ICRP 14: Radiological Protection of People and the Environment in the Event of a Large Nuclear Accident

 This report has been made free to download by the ICRP.

This report discusses the emergency preparedness we may wish we had put in place if we find ourselves responding to a severe nuclear accident that has resulted in very high doses to some members of the public and has rendered some areas uninhabitable and others problematic. It argues that in that situation you need mature systems to share complex information with individuals and communities, the ability to retain their trust and allow them to make important life-choices while also having in place polices and resources to support the business, social and family life in areas blighted by radioactive contamination. It then discusses the problem in some depth and with clarity while skating over the difficultly with providing solutions.

This publication updates and supersedes Publications 109 and 111. It also supersedes the recommendations published previously in Publications 40, 63, and 82.

The executive summary starts “Large nuclear accidents result when there are significant releases of Radioactive material into the environment, impacting widespread areas and affecting extensive populations. They are unexpected events that profoundly affect individuals, society, and the environment. They generate complex situations and legitimate concerns, particularly regarding health, for all those affected by the presence of undesirable sources of radioactivity”.

I wonder if the use of “legitimate concerns” is fully justified. The two big accidents we all know about, Chernobyl and Fukushima, have had societal and individual impacts well beyond those suggested by our understanding of harm radiation causes to living tissue.

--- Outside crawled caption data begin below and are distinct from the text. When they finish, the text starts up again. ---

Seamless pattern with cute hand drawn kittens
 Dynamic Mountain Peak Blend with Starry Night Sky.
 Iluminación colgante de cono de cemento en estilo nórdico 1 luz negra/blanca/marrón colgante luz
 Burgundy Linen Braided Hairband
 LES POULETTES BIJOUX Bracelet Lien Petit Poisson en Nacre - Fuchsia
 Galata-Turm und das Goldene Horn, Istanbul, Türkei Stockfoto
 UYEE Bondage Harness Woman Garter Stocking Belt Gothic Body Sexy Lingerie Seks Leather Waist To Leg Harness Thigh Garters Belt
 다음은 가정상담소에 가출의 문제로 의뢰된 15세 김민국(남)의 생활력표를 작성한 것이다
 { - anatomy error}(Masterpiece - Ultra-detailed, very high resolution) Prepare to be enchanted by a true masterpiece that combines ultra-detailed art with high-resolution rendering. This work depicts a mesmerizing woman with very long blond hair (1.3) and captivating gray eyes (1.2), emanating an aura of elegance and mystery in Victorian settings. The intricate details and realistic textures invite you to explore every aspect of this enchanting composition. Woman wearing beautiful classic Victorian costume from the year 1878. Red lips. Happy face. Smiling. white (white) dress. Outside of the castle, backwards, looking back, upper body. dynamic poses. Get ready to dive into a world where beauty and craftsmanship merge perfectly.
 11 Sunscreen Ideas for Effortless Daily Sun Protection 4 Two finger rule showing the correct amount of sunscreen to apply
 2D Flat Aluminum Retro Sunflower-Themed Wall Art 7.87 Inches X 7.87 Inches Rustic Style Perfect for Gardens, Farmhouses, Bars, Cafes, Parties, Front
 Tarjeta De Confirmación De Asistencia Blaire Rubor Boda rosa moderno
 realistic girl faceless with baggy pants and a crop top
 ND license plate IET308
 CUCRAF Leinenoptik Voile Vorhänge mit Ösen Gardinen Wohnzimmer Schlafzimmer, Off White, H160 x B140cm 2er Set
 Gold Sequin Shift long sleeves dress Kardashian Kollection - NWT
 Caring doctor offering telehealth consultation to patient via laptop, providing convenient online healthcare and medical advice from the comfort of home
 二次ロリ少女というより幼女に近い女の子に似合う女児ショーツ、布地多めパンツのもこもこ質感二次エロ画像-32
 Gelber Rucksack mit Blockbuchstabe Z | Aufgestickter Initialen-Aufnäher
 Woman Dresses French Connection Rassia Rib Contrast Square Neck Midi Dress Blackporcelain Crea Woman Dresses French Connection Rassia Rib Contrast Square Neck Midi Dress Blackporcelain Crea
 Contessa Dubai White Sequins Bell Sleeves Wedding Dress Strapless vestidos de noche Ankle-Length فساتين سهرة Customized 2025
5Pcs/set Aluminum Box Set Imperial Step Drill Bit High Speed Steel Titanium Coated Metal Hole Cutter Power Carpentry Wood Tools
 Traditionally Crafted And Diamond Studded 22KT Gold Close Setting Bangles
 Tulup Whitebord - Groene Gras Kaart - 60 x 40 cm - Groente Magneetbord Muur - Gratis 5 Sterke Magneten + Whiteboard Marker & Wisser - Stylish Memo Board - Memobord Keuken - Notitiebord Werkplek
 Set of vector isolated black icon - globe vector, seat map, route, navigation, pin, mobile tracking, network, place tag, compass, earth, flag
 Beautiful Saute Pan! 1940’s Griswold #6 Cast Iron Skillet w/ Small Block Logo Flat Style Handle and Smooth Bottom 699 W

It is either the unreasonable concerns about radiation that are causing the problems or our understanding of radiation and the basis of our use of the art of radiological protection in emergency planning that is faulty.

Interestingly the executive summary also states “The Commission recommends that plans should be prepared in advance to avoid severe and long-term consequences following a nuclear accident. Such preparedness plans should comprise a set of consistent protective actions, adapted to local conditions at nuclear sites, taking into account the societal, environmental, and economic factors that will affect the impact of the accident and its response”. I believe that this is suggesting that you go beyond the preparation to rapidly introduce shelter, evacuation and thyroid blocking and that you use locally set trigger points rather than the national ERLs.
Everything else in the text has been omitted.